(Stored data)
━━━━━━━━━━
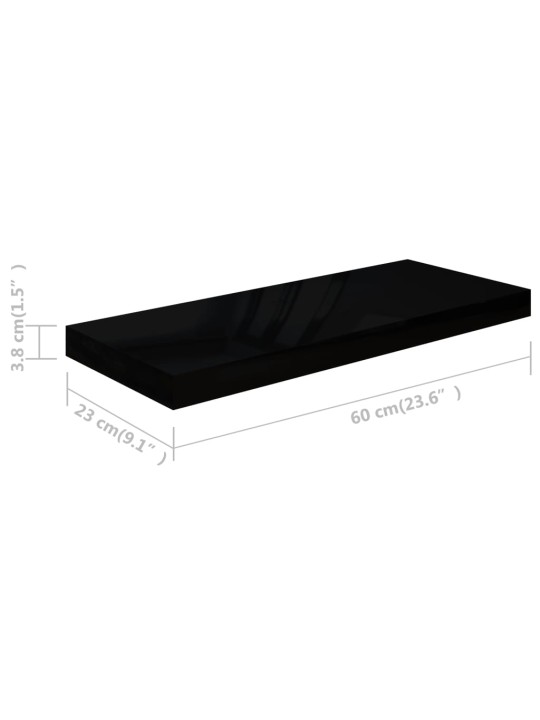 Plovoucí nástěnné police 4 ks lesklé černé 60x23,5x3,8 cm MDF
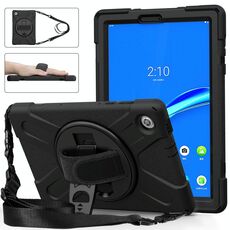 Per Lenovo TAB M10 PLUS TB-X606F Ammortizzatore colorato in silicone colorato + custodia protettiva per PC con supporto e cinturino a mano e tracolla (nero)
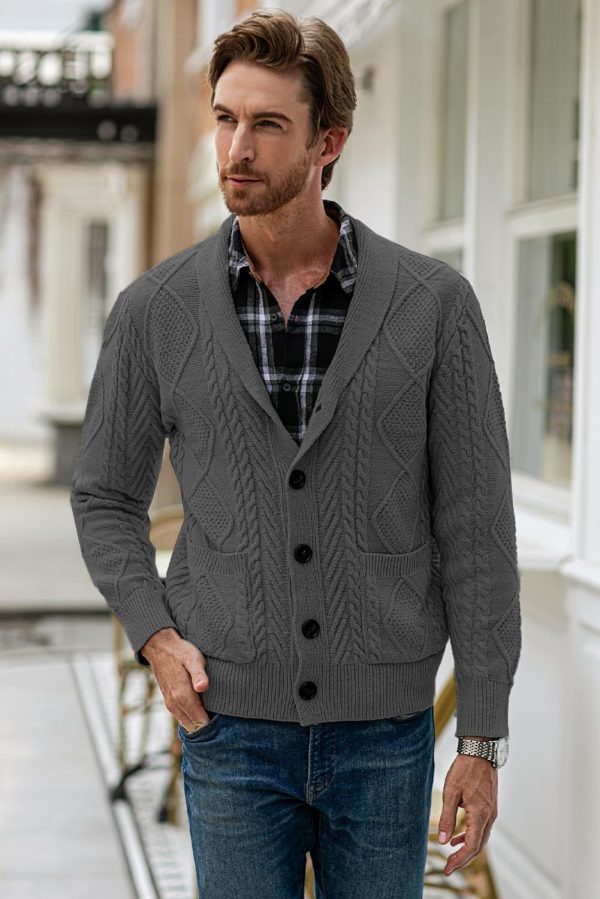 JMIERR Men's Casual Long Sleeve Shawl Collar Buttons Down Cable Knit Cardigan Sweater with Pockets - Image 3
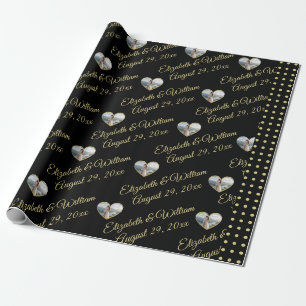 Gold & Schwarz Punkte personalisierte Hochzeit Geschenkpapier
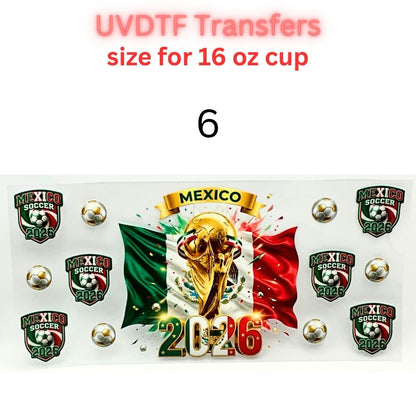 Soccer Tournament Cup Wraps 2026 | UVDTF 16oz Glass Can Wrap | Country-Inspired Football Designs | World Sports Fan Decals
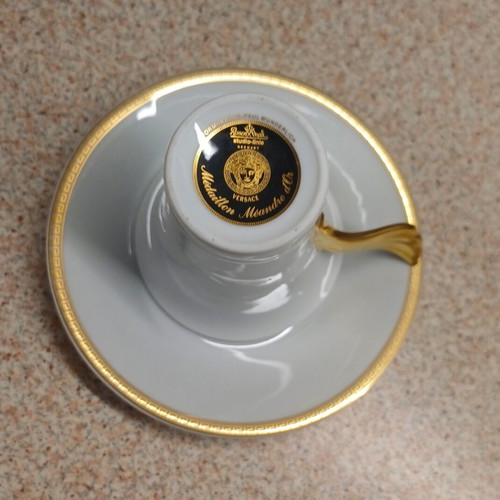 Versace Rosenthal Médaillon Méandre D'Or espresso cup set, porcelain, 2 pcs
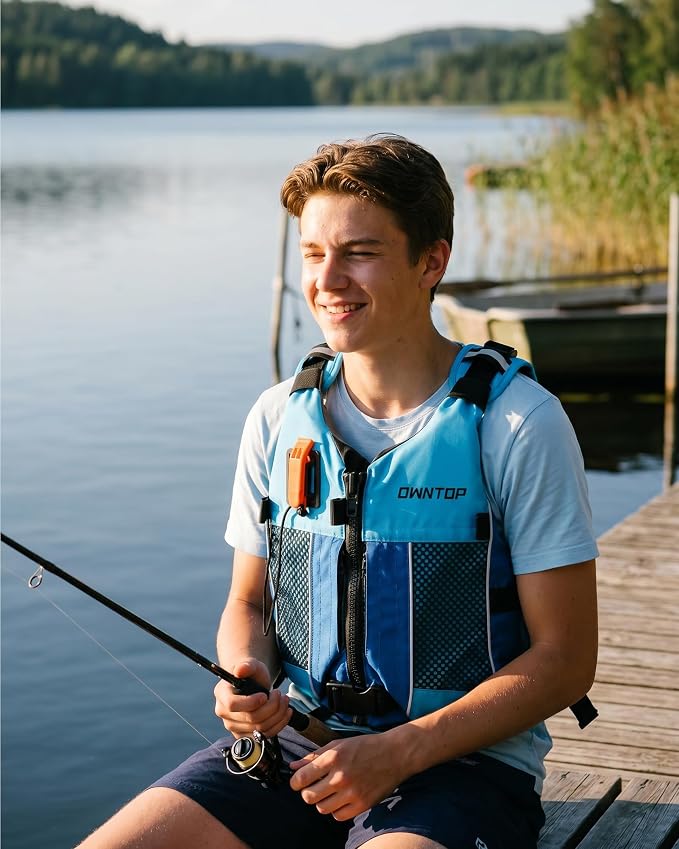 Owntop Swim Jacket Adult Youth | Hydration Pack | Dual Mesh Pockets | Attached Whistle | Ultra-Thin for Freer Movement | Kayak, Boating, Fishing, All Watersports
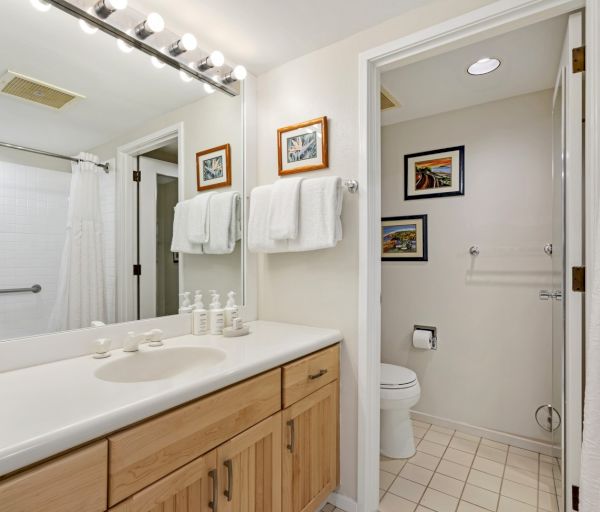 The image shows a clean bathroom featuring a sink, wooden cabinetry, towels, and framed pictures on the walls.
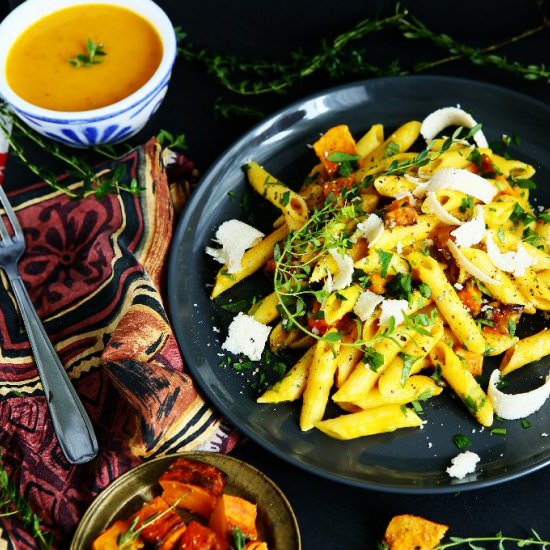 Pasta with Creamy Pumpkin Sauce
━━━━━━━━━━
*YOUR INSTRUCTIONS*: What the response needs is every entry, repeated exactly, and none of the pictures.

*RESULT OF THE TASK*:
 Plovoucí nástěnné police 4 ks lesklé černé 60x23,5x3,8 cm MDF
 Per Lenovo TAB M10 PLUS TB-X606F Ammortizzatore colorato in silicone colorato + custodia protettiva per PC con supporto e cinturino a mano e tracolla (nero)
 JMIERR Men's Casual Long Sleeve Shawl Collar Buttons Down Cable Knit Cardigan Sweater with Pockets - Image 3
 Gold & Schwarz Punkte personalisierte Hochzeit Geschenkpapier
 Soccer Tournament Cup Wraps 2026 | UVDTF 16oz Glass Can Wrap | Country-Inspired Football Designs | World Sports Fan Decals
 Versace Rosenthal Médaillon Méandre D'Or espresso cup set, porcelain, 2 pcs
 Owntop Swim Jacket Adult Youth | Hydration Pack | Dual Mesh Pockets | Attached Whistle | Ultra-Thin for Freer Movement | Kayak, Boating, Fishing, All Watersports
 The image shows a clean bathroom featuring a sink, wooden cabinetry, towels, and framed pictures on the walls.
 Pasta with Creamy Pumpkin Sauce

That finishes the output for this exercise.